__Directions__:
All of the data below should be output exactly as given.

+--

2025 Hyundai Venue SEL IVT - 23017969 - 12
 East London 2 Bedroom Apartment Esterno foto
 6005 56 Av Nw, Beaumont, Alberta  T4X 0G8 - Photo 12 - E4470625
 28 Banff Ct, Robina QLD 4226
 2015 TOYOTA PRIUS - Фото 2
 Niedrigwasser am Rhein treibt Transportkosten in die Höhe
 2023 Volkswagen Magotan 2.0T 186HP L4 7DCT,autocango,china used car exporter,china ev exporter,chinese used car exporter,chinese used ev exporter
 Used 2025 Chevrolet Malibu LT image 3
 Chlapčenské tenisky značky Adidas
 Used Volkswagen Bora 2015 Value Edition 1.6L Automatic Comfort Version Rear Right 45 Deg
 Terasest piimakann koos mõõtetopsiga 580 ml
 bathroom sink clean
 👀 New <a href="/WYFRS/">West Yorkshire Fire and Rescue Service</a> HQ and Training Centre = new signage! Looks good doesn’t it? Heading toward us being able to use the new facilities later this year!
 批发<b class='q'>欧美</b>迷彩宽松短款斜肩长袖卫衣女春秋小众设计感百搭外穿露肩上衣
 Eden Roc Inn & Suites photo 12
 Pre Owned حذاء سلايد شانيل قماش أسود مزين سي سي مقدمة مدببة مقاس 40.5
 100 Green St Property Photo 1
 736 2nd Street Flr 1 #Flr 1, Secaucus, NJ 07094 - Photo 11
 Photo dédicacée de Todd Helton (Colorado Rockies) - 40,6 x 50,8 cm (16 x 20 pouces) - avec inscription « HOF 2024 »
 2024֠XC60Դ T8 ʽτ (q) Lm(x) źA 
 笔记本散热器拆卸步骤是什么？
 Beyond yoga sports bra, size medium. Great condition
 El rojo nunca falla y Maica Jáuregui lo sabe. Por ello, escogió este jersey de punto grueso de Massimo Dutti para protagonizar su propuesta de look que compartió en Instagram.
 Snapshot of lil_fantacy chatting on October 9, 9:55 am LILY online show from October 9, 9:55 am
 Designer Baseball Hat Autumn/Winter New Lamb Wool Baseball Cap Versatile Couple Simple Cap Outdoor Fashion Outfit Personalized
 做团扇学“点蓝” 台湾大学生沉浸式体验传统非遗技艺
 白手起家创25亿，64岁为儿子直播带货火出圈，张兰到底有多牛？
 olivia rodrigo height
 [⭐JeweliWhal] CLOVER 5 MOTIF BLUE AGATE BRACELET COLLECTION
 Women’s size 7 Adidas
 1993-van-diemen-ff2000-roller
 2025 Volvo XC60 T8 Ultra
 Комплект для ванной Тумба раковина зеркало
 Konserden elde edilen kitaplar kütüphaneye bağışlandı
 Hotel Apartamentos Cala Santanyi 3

+--

__Answer box__:
2025 Hyundai Venue SEL IVT - 23017969 - 12
 East London 2 Bedroom Apartment Esterno foto
 6005 56 Av Nw, Beaumont, Alberta  T4X 0G8 - Photo 12 - E4470625
 28 Banff Ct, Robina QLD 4226
 2015 TOYOTA PRIUS - Фото 2
 Niedrigwasser am Rhein treibt Transportkosten in die Höhe
 2023 Volkswagen Magotan 2.0T 186HP L4 7DCT,autocango,china used car exporter,china ev exporter,chinese used car exporter,chinese used ev exporter
 Used 2025 Chevrolet Malibu LT image 3
 Chlapčenské tenisky značky Adidas
 Used Volkswagen Bora 2015 Value Edition 1.6L Automatic Comfort Version Rear Right 45 Deg
 Terasest piimakann koos mõõtetopsiga 580 ml
 bathroom sink clean
 👀 New <a href="/WYFRS/">West Yorkshire Fire and Rescue Service</a> HQ and Training Centre = new signage! Looks good doesn’t it? Heading toward us being able to use the new facilities later this year!
 批发<b class='q'>欧美</b>迷彩宽松短款斜肩长袖卫衣女春秋小众设计感百搭外穿露肩上衣
 Eden Roc Inn & Suites photo 12
 Pre Owned حذاء سلايد شانيل قماش أسود مزين سي سي مقدمة مدببة مقاس 40.5
 100 Green St Property Photo 1
 736 2nd Street Flr 1 #Flr 1, Secaucus, NJ 07094 - Photo 11
 Photo dédicacée de Todd Helton (Colorado Rockies) - 40,6 x 50,8 cm (16 x 20 pouces) - avec inscription « HOF 2024 »
 2024֠XC60Դ T8 ʽτ (q) Lm(x) źA 
 笔记本散热器拆卸步骤是什么？
 Beyond yoga sports bra, size medium. Great condition
 El rojo nunca falla y Maica Jáuregui lo sabe. Por ello, escogió este jersey de punto grueso de Massimo Dutti para protagonizar su propuesta de look que compartió en Instagram.
 Snapshot of lil_fantacy chatting on October 9, 9:55 am LILY online show from October 9, 9:55 am
 Designer Baseball Hat Autumn/Winter New Lamb Wool Baseball Cap Versatile Couple Simple Cap Outdoor Fashion Outfit Personalized
 做团扇学“点蓝” 台湾大学生沉浸式体验传统非遗技艺
 白手起家创25亿，64岁为儿子直播带货火出圈，张兰到底有多牛？
 olivia rodrigo height
 [⭐JeweliWhal] CLOVER 5 MOTIF BLUE AGATE BRACELET COLLECTION
 Women’s size 7 Adidas
 1993-van-diemen-ff2000-roller
 2025 Volvo XC60 T8 Ultra
 Комплект для ванной Тумба раковина зеркало
 Konserden elde edilen kitaplar kütüphaneye bağışlandı
 Hotel Apartamentos Cala Santanyi 3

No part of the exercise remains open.